> **Directions**
What you return should be the complete listing, unchanged, with no pictures in it.

==== Data section ====

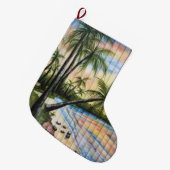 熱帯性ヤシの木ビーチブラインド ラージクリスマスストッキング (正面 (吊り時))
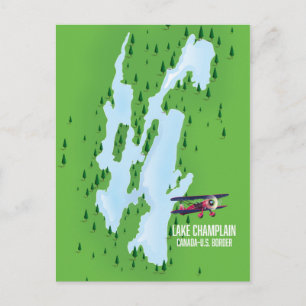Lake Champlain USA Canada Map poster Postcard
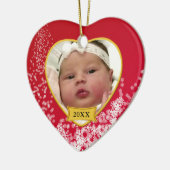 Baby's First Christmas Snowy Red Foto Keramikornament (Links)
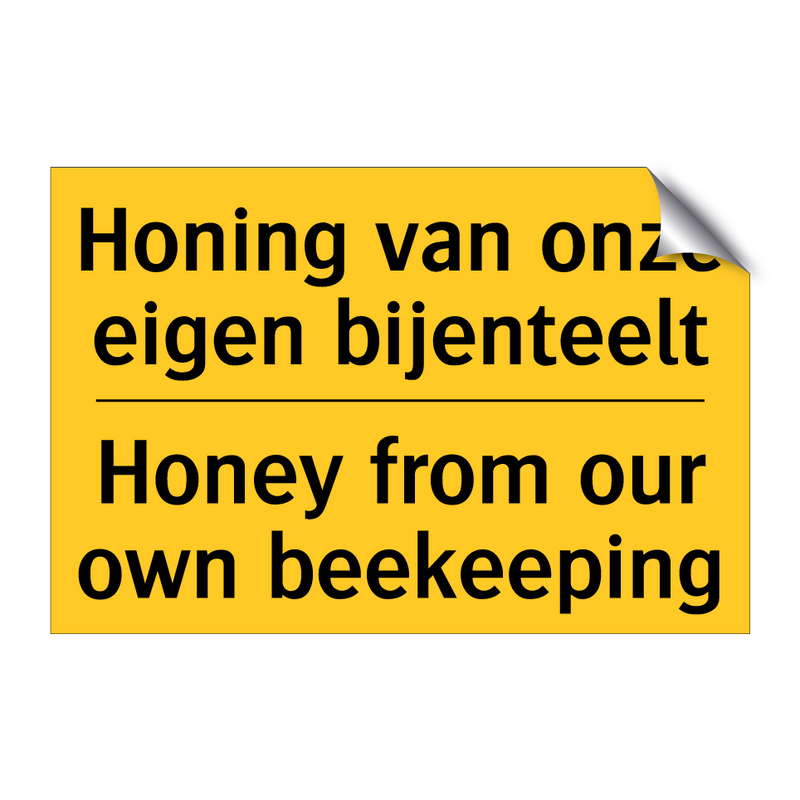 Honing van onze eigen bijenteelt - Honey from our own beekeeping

====

> **Completed task**
 熱帯性ヤシの木ビーチブラインド ラージクリスマスストッキング (正面 (吊り時))
Lake Champlain USA Canada Map poster Postcard
 Baby's First Christmas Snowy Red Foto Keramikornament (Links)
 Honing van onze eigen bijenteelt - Honey from our own beekeeping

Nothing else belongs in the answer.